Extrême droite (France) : la semaine de toutes les compromissions

dimanche 3 juillet 2022.
 

Une semaine. Il aura fallu une semaine, pas plus, pour que l’extrême droite s’installe confortablement aux postes clés de l’Assemblée nationale, avec l’appui des droites au pouvoir et d’opposition. Une situation rendue possible par un savant mélange de tractations partisanes, de lâchetés politiques et de comptes d’apothicaire qui a permis au Rassemblement national (RN) d’obtenir, pour la première fois de son histoire, non pas une, mais deux vice-présidences au Palais-Bourbon.

Il faut prendre la mesure de la scène qui s’est déroulée, mercredi 29 juin, dans les salons qui jouxtent la salle des séances de l’Assemblée. C’est ici que des dizaines et des dizaines d’élu·es de la majorité présidentielle ont choisi de glisser dans l’urne un bulletin « extrême droite », afin de respecter, ont-ils argué, le règlement interne de l’institution et l’accord validé le matin même entre les différents partis – accord dénoncé dans la foulée par la Nouvelle Union populaire écologique et sociale (Nupes).

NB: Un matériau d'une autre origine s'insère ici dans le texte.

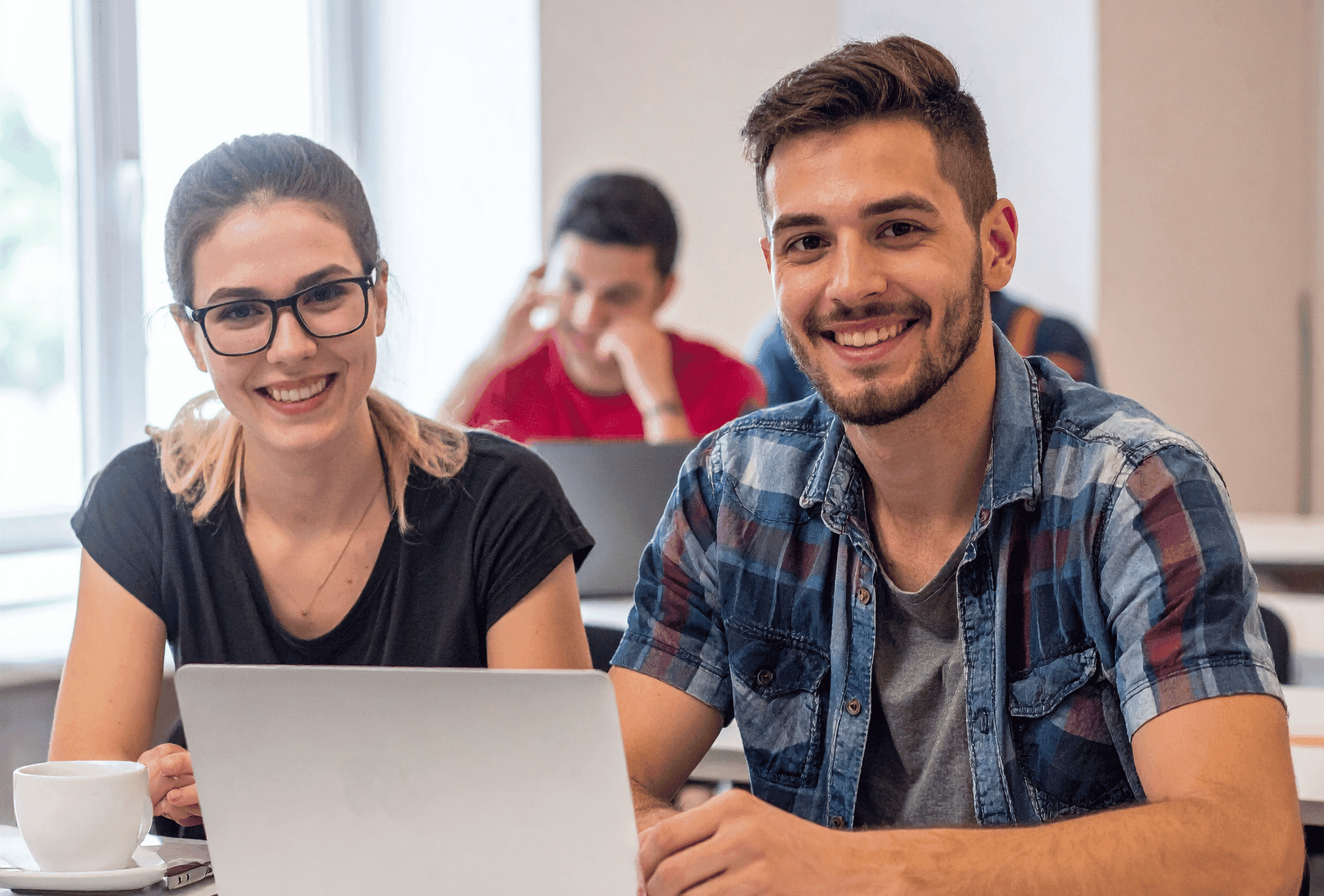 Two people smiling in front of computer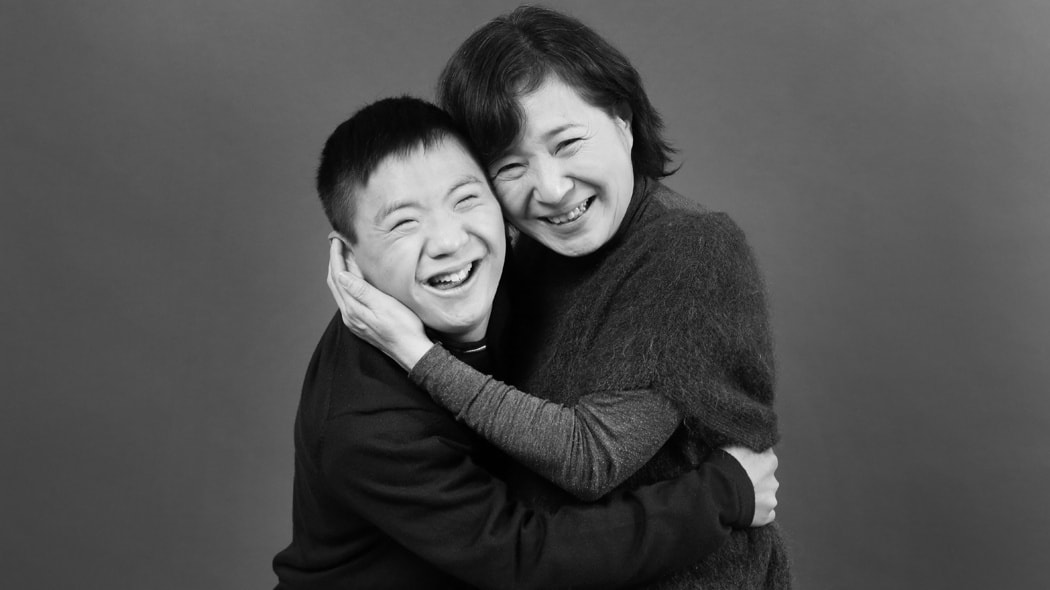 写真スタジオで子供をあやすカメラマンとアシスタント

Un « grand moment de démocratie », s’est félicitée la députée RN Hélène Laporte, élue avec 284 voix dès le premier tour du scrutin, comme son collègue Sébastien Chenu (290 voix). Un grand moment de dépolitisation, surtout, durant lequel l’arithmétique a remplacé les principes. Aurore Bergé, la présidente du groupe Renaissance, a souligné que la majorité n’avait pas « à choisir ses oppositions » et qu’elle devait « faire respecter la volonté des Français » qui ont fait entrer 89 député·es RN à l’Assemblée.

Il ne s’agit pas, comme voudraient le faire croire certains, de balayer l’élection de ces élu·es. Encore moins de nier le fait politique que représente leur présence désormais massive dans l’hémicycle. Mais la palette est large entre leur ostracisation et leur notabilisation. « Aucune voix ne doit manquer à la République », avait lancé Emmanuel Macron dans l’entre-deux-tours des législatives. Celles de ses troupes ont contribué à propulser l’extrême droite au sommet de la hiérarchie parlementaire.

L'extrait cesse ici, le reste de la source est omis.